Therefore, even if Appellants established injury and causation, they failed to assert a redressable claim. Without redressability, Appellants do not have a justiciable claim against KACo Appellees. In the absence of justiciability, any opinion by this Court would be nothing more than an advisory opinion.

If a case is not justiciable , specifically because the plaintiff does not have the requisite standing to sue, then the circuit court cannot hear the case. And because both [the Supreme Court] and the Court of Appeals “shall have appellate jurisdiction only ,” logically speaking, neither court can adjudicate a case on appeal that a circuit court cannot adjudicate because the exercise of appellate jurisdiction necessarily assumes that proper original jurisdiction has been established first at some point in the case.

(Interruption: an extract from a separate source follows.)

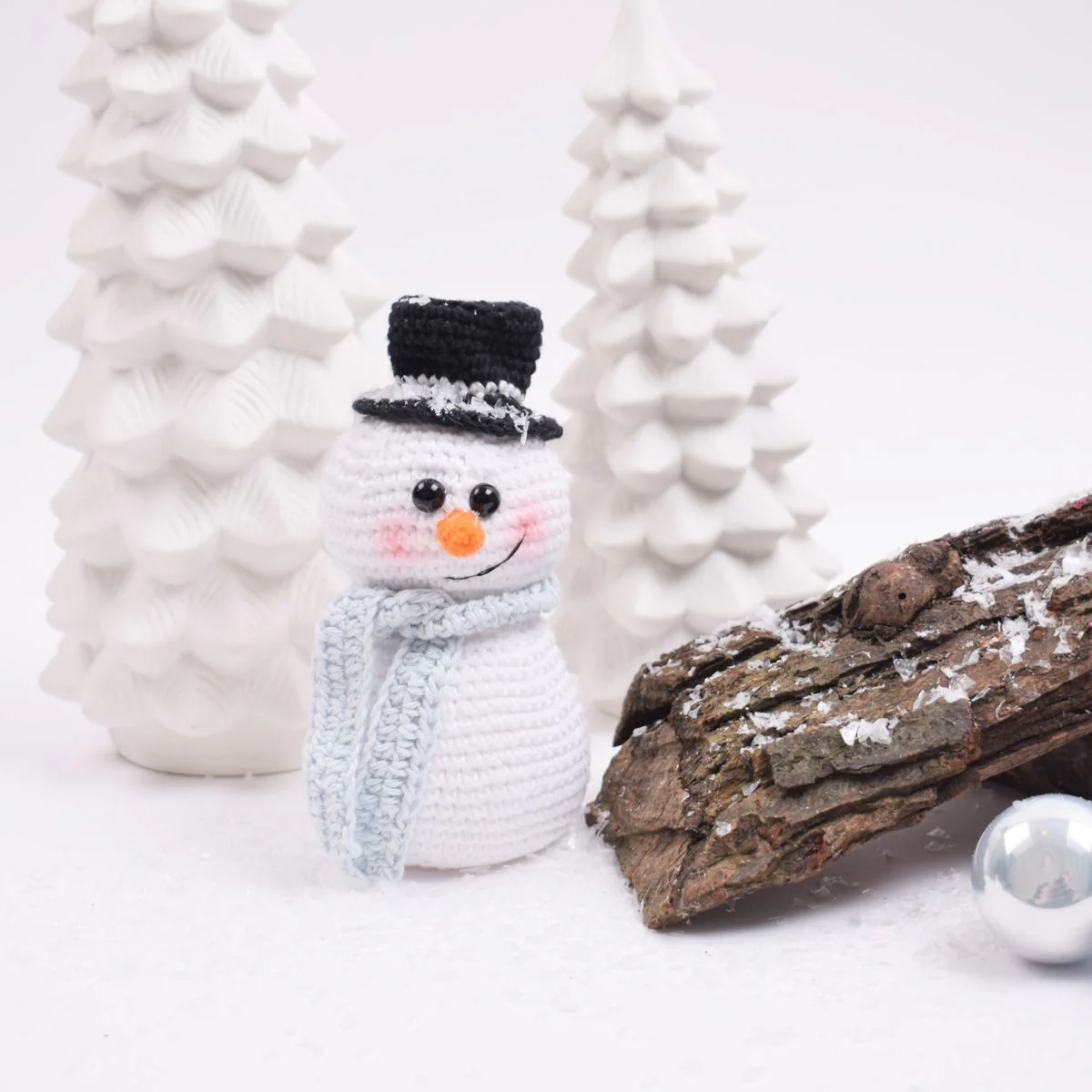 5837-crocheted-snowman-1.webp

Sexton , 566 S.W.3d at 196 (emphasis in the original) (internal quotation marks and citations omitted). Thus, the circuit court properly granted the motion to dismiss filed by KACo Appellees.

2. Sheriff Quire As previously stated, Appellants brought their claims against Sheriff Quire in the wrong forum. Furthermore, by failing to allege Sheriff Quire or his deputies charged Constable Marraccini with any violation of HB 239, Appellants also have failed to show a declaration of the unconstitutionality of HB 239 would redress the alleged injury caused by the Sheriff. Therefore, on the basis of redressability, even if Appellants had proven injury and causation, the circuit court did not err in dismissing Sheriff Quire.

3. KSP and KSP Commissioner Burnett For similar reasons, Appellants failed to establish a redressable claim against KSP and Commissioner Burnett. Appellants allege KSP Appellees “misled” the FBI, resulting in the FBI withholding ORI Numbers from constables. While arguably Appellants have established injury and causation against KSP Appellees, they failed to allege HB 239 was the basis of the supposed false statements or that their dispute with KSP and the Commissioner amounts to anything more than a nonjusticiable difference of opinion. Having failed to implicate HB 239, Appellants have failed to show a declaration of the *27 unconstitutionality of HB 239 would provide them with relief. Therefore, Appellants have failed once more to make a redressable claim, and the circuit court’s dismissal of KSP and Commissioner Burnett was not in error.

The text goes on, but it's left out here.